N-grams do not cross utterance boundaries.
To filter by participant, use filter()
before calling word_ngrams().
For illustration, let’s check out some of the word trigrams in Eve’s data from Brown. To make it slightly more interesting, we are going to look at child speech and child-directed speech separately.
import rustling
brown = rustling.read_chat("path/to/your/local/Brown.zip")
eve = brown.filter(files="Eve")
eve_chi = eve.filter(participants="CHI")
eve_cds = eve.filter(participants="^(?!CHI$)")
trigrams_child_speech = eve_chi.word_ngrams(3)
trigrams_child_speech.most_common(10)
# [(('grape', 'juice', '.'), 74),
# (('what', 'that', '?'), 50),
# (('a@l', 'b@l', 'c@l'), 47),
# (('right', 'there', '.'), 45),
# (('another', 'one', '.'), 45),
# (('in', 'there', '.'), 43),
# (('b@l', 'c@l', '.'), 42),
# (('hi', 'Fraser', '.'), 39),
# (('I', 'want', 'some'), 39),
# (('a', 'minute', '.'), 35)]
trigrams_child_directed_speech = eve_cds.word_ngrams(3)

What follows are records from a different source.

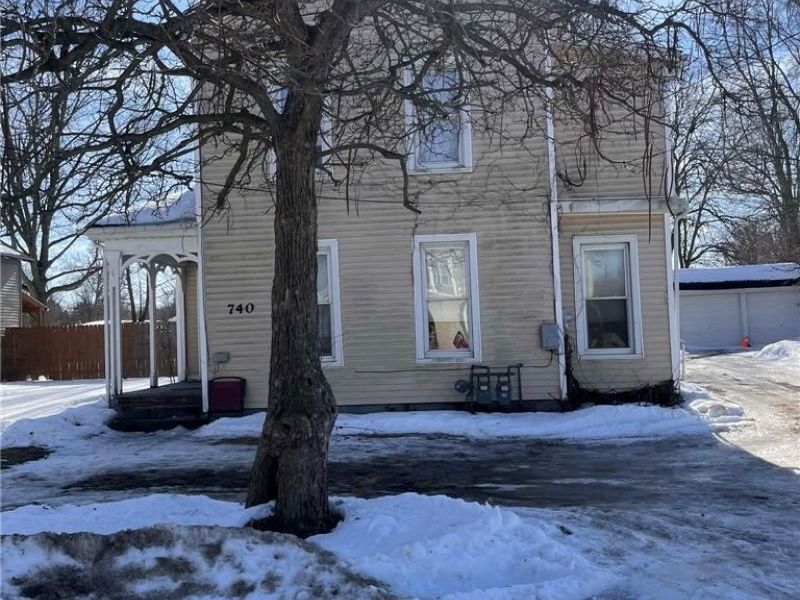 740 W Main Street, Geneva, OH 44041 Photo 1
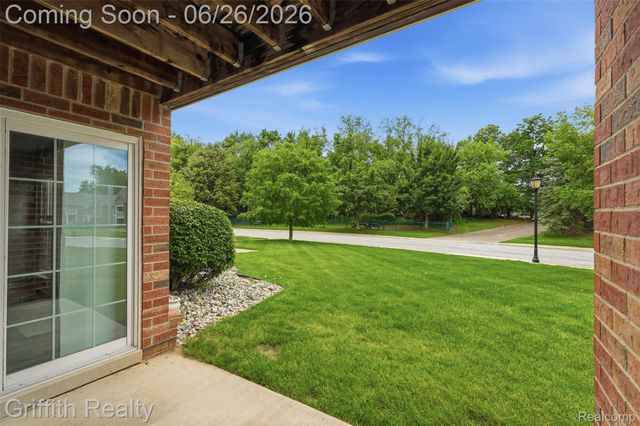 4271 Deeside Drive, Brighton, MI 48116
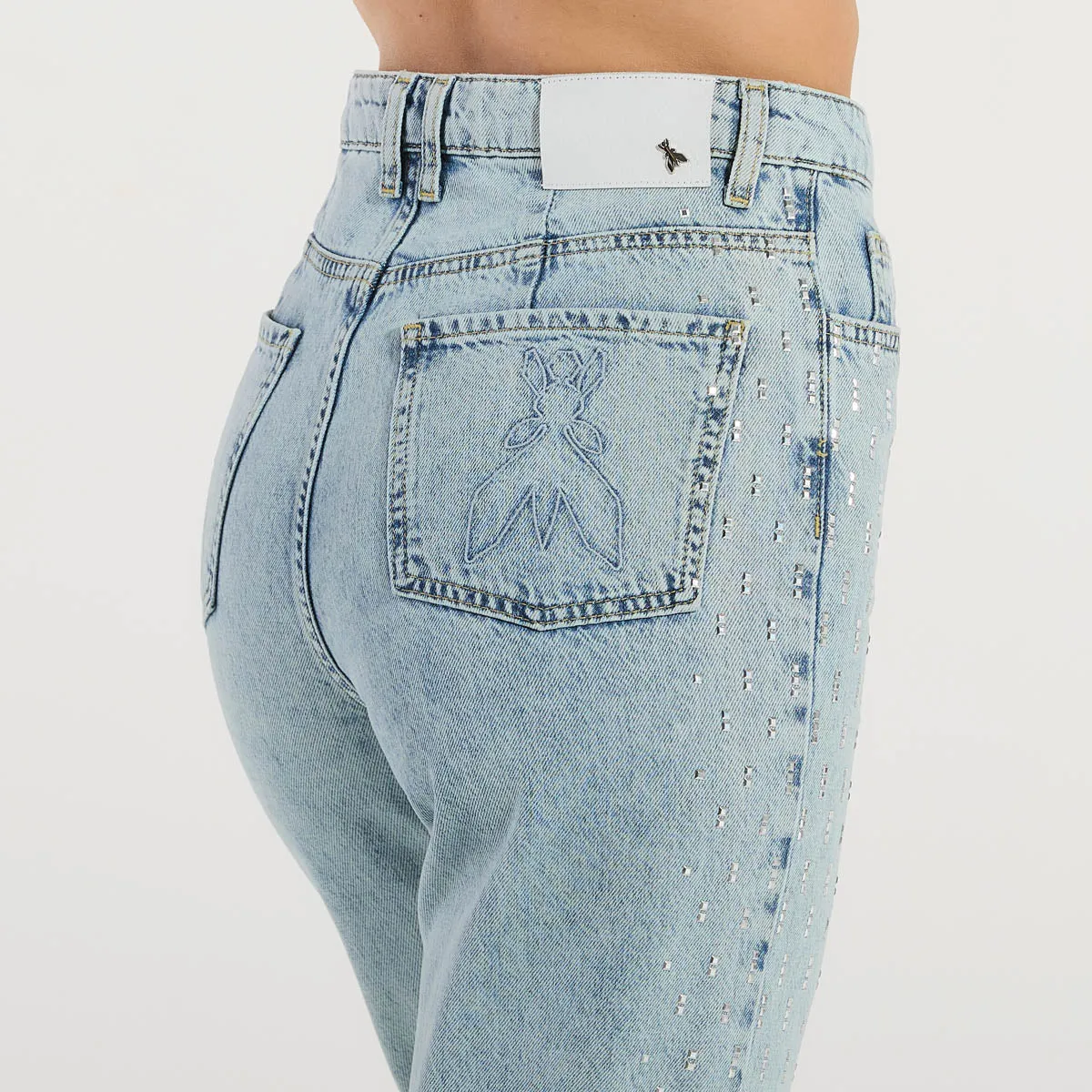 Patrizia Pepe jeans in denim chiaro con strass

trigrams_child_directed_speech.most_common(10)
# [(("that's", 'right', '.'), 178),
# (('what', 'are', 'you'), 149),
# (('is', 'that', '?'), 124),
# (('what', 'is', 'that'), 99),
# ((',', 'Eve', '.'), 95),
# (('are', 'you', 'doing'), 94),
# (("what's", 'that', '?'), 92),
# (('would', 'you', 'like'), 89),
# (('is', 'it', '?'), 89),
# (('what', 'did', 'you'), 77)]
Just this very brief result using word trigrams appears to show a contrast between various demands being frequent in child speech, versus the dominant usage of confirmation and attempts to get the child’s attention using questions in child-directed speech.
The word_ngrams() method returns an rustling.ngram.Ngrams object,
which has the most_common() method as used above.
If you need a Counter instead,
call to_counter() on the rustling.ngram.Ngrams object:
counter = trigrams_child_speech.to_counter()
type(counter)
# <class 'collections.Counter'>
counter.most_common(5)
# [(('grape', 'juice', '.'), 74),
# (('what', 'that', '?'), 50),
# (('a@l', 'b@l', 'c@l'), 47),
# (('right', 'there', '.'), 45),
# (('another', 'one', '.'), 45)]
For word frequencies, use word_ngrams(1) to get unigrams:
word_freq_chi = eve_chi.word_ngrams(1)
word_freq_chi.most_common(5)
# [(('.',), 10389),
# (('?',), 1449),
# (('I',), 1197),
# (('that',), 1047),
# (('a',), 883)]
Note that unigrams are represented as single-element tuples, consistent with how all ngrams are tuples regardless of n.